My beloved youngest brother, Rabbi Matisiyahu Rosenblum ztz”l
A round five months ago, I sat facing my brother Matisiyahu in his living room. I asked him whether he harbored any anger at anyone for the delay in diagnosing his cancer (one that included aggressive in its name) at the outset and the slowness with which the results of his first scan came back. He did not flinch before answering: “I believe in G-d. If that’s how it worked out, that’s how it was supposed to work out.”
Matisiyahu was a yarei Shamayim through and through. He used to joke that he was perhaps the first baal teshuvah in history to become religious from a fear of Gehinnom.

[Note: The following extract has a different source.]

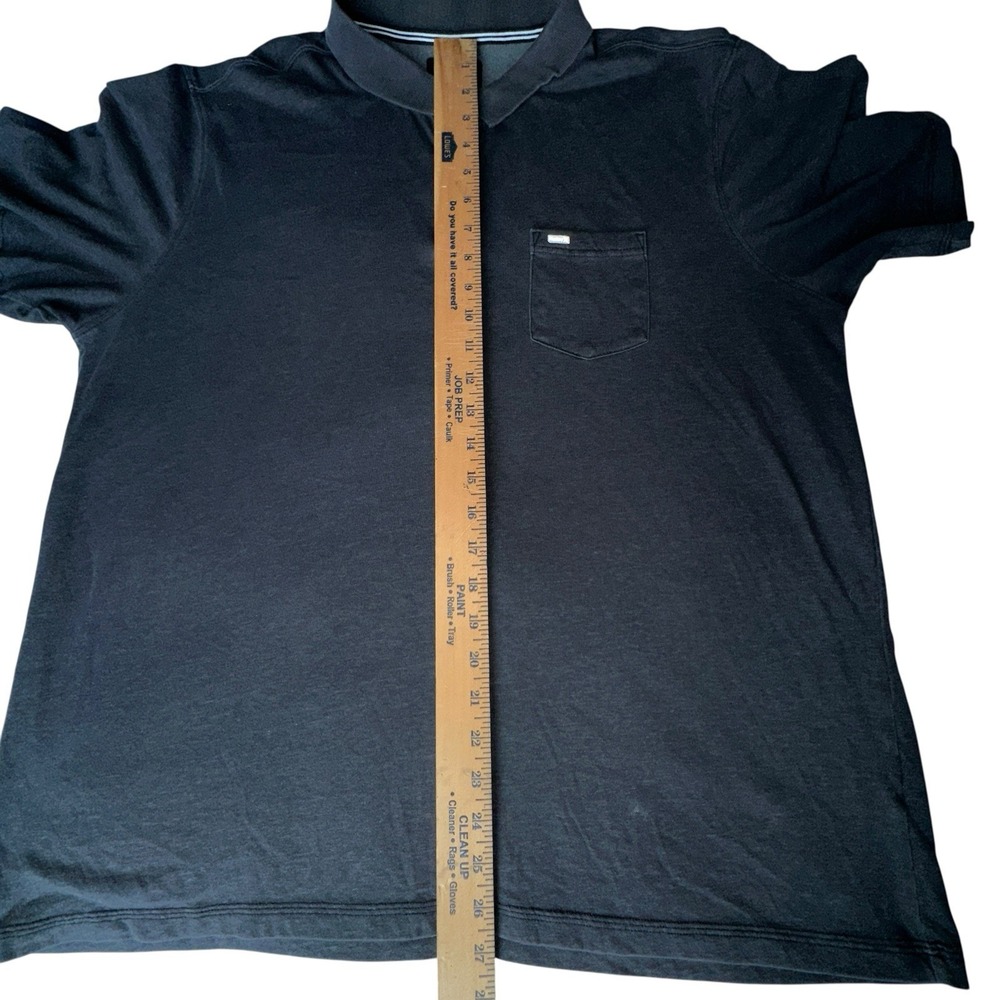 Hurley Nike Dri Fit Gray Short Sleeve Collared Polo Shirt men's‎ size XL - Picture 8 of 8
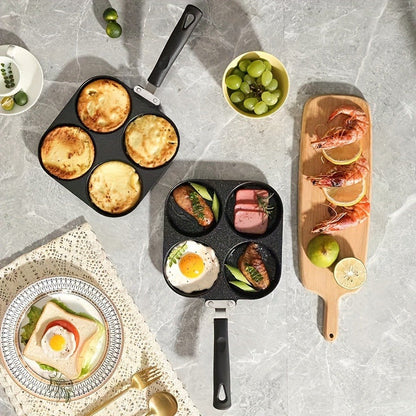 Versatile 4Cup NonStick Skillet Fry Eggs Pancakes and Burgers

To that yiras Shamayim, he would add overwhelming ahavas Hashem. In an email to Rabbi Yisrael Shaw, the editor of his forthcoming sefer, six days before his passing, he wrote that “acknowledging G-d’s good should be a special focus for me in particular. The name Matisiyahu has the connotation of ‘G-d gives’ or ‘gifts of G-d.’ ”
He achieved that rare madreigah, described by Rav Wolbe in Alei Shor, of coming closer to Hashem, even as Hashem was taking his life. His oldest son, Avraham Yeshaya, heard him repeating Shema over and over, in a barely audible voice, in his final moments.